Fikih Kebahagiaan itu tengah didorong menjadi arus utama seiring kecenderungan khalayak mengesampingkan faktor kebahagiaan dan lebih cenderung mengutamakan Indeks Pembangunan Manusia/ Human Development Index (HDI) dalam pendekatan pembangunan masyara

Banjar (ANTARA News) - Lembaga Kajian dan Pengembangan Sumberdaya Manusia Nahdlatul Ulama (Lakpesdam NU) menggulirkan soal Fikih Kebahagiaan seiring penyelenggaraan Musyawarah Nasional Alim Ulama dan Konferensi Besar Nahdlatul Ulama (Munas-Konbes NU) di Kota Banjar, Jawa Barat.

"Fikih kebahagiaan ini masih tahap awal sekali. Arahnya didorong menjadi percakapan nasional. Orang akan sadar betapa pentingnya kebahagiaan yang perlu kita capai," kata cendekiawan Nahdlatul Ulama, Ulil Abshar Abdalla, saat ditemui di Pondok Pesantren Miftahul Huda Al Azhar, Banjar, Rabu.

Mantan Ketua Lakpesdam NU itu mengatakan sedang mendorong agar Fikih Kebahagiaan itu menjadi arus utama seiring kecenderungan khalayak mengesampingkan faktor kebahagiaan dan lebih cenderung mengutamakan Indeks Pembangunan Manusia/ Human Development Index (HDI) dalam pendekatan pembangunan masyarakat.
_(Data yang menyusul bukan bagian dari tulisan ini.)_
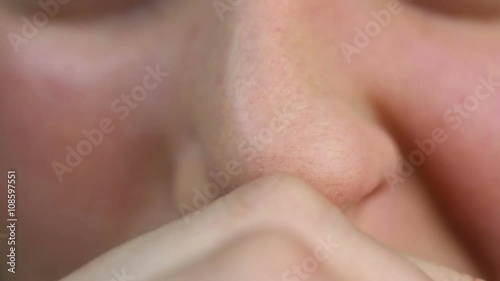 Person having allergy and rubbing nose. Health problems. Close-up view photo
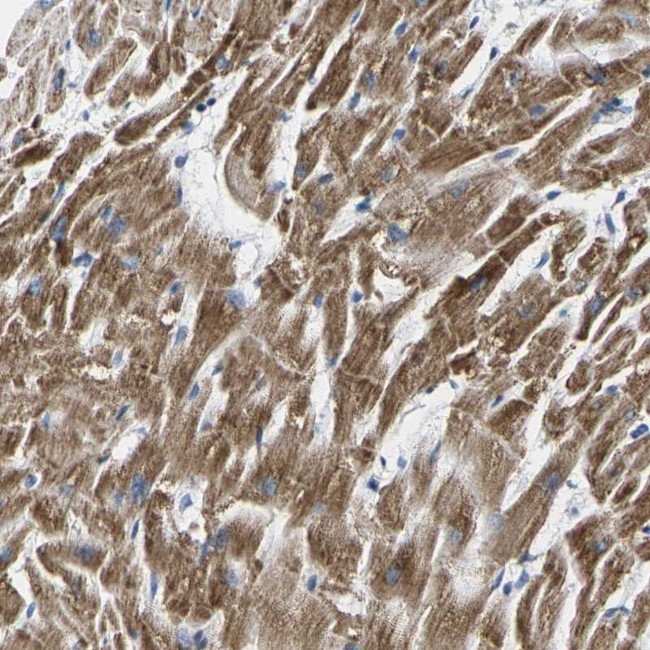 TMEM204 Antibody in Immunohistochemistry (Paraffin) (IHC (P))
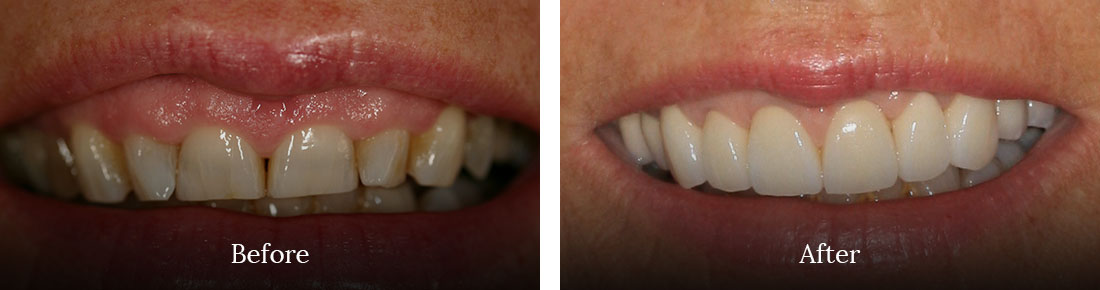 before and after treatment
Salah satu dampak penggunaan HDI itu, kata dia, dalam beberapa aspek pembangunan kerap mengesampingkan persamaan hak bagi kaum minoritas. Jika kaum minoritas ikut dalam arus utama tentu akan memicu kebahagiaan lebih luas.

"Perlu diperluas agar pembangunan bisa menyentuh hal mendasar. Karena manusia itu tidak hanya butuh pemdidikan tapi juga bahagia," kata dia.

Fikih adalah salah satu bidang ilmu dalam syariat Islam yang secara khusus membahas persoalan hukum yang mengatur berbagai aspek kehidupan manusia, baik kehidupan pribadi, bermasyarakat maupun kehidupan manusia dengan Tuhannya.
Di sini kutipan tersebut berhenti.